Le condizioni detentive e il “buco nero” dei diritti umani
Con l’apertura dell’area riservata ai terroristi di matrice islamica legati a gruppi come l’Isis o Al Qaeda Guantanamo diventa presto oggetto di denunce da parte delle Nazioni Unite per violazione dei diritti umani, si trasforma presto nel simbolo di un vero e proprio buco nero dei diritti umani di cui (almeno all’inizio fino al 2010) si sapeva poco, ma dove accadeva molto. Amnesty International in un rapporto del 2006 scrive che i “tribunali di revisione dello status di combattente (CSRT) istituiti dal governo nel 2004, hanno reso noto, nel marzo 2004, che il 93% dei 554 detenuti esaminati erano da considerarsi a tutti gli effetti “combattenti nemici”. I detenuti non avevano un rappresentante legale e molti di loro hanno rinunciato a partecipare alle udienze dei CSRT, che potevano avvalersi di prove segrete e di testimonianze estorte sotto tortura“. In quel periodo diversi detenuti hanno denunciato di essere stati vittime di aggressioni fisiche e verbali e venivano alimentati a forza: alcuni hanno riportato lesioni causate dall’inserimento brutale di cannule e tubi nel naso. Il governo ha negato qualsiasi maltrattamento.
Film e inchieste giornalistiche
Lo stato detenzione, le condizioni di vita a cui erano costretti i prigionieri, la vioolazione dei diritti umani così come le pratiche usate negli interrogatori (dal waterboarding, una sorta di annegamento controllato, alla privazione del sonno) sono state oggetto di inchieste giornalistiche, libri e film. Il film “The Report” (2019) racconta il lavoro dello staff della senatrice Dianne Feinstein, che per anni ha raccolto documenti e prove dell’uso sistematico della tortura da parte della Cia, così come il libro “Guantánamo Diary” (2015) da cui è stato poi tratto il film “The Mauritianian” (2021) racconta la storia di un prigioniero, poi rivelatosi innocente, che lì ha trascorso 14 anni tra torture e condizioni di vita disumane. E ancora, The Road to Guantanamo (2006), un film documentario diretto da Michael Winterbottom e Mat Whitecross che descrive la storia vera della detenzione di tre giovani inglesi catturati in Afghanistan nel 2001 e ritenuti, a torto, militanti di Al-Qaida.
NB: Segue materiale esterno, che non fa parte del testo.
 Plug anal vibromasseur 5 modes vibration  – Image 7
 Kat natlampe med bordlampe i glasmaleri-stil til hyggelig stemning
O infine “Taxi to the Dark Side“, film del 2007 diretto da Alex Gibney vincitore del Premio Oscar 2008 incentrato sulla storia di un tassista afghano, catturato, torturato durante un interrogatorio e morto dopo pochi giorni di prigionia.
Tentativi di chiusura
Nel dicembre 2008 iniziò a essere affrontato il problema della chiusura della prigione su iniziativa dell’allora presidente Barack Obama. A diciassette anni di distanza la struttura è ancora aperta anche a seguito del voto contrario del Senato degli Stati Uniti che ha respinto il piano di chiusura. In un discorso del 2018 anche l’allora presidente Donald Trump aveva annunciato l’abbandono del programma di progressiva chiusura della prigione ma nel 2024 il campo ospitava ancora 26 detenuti.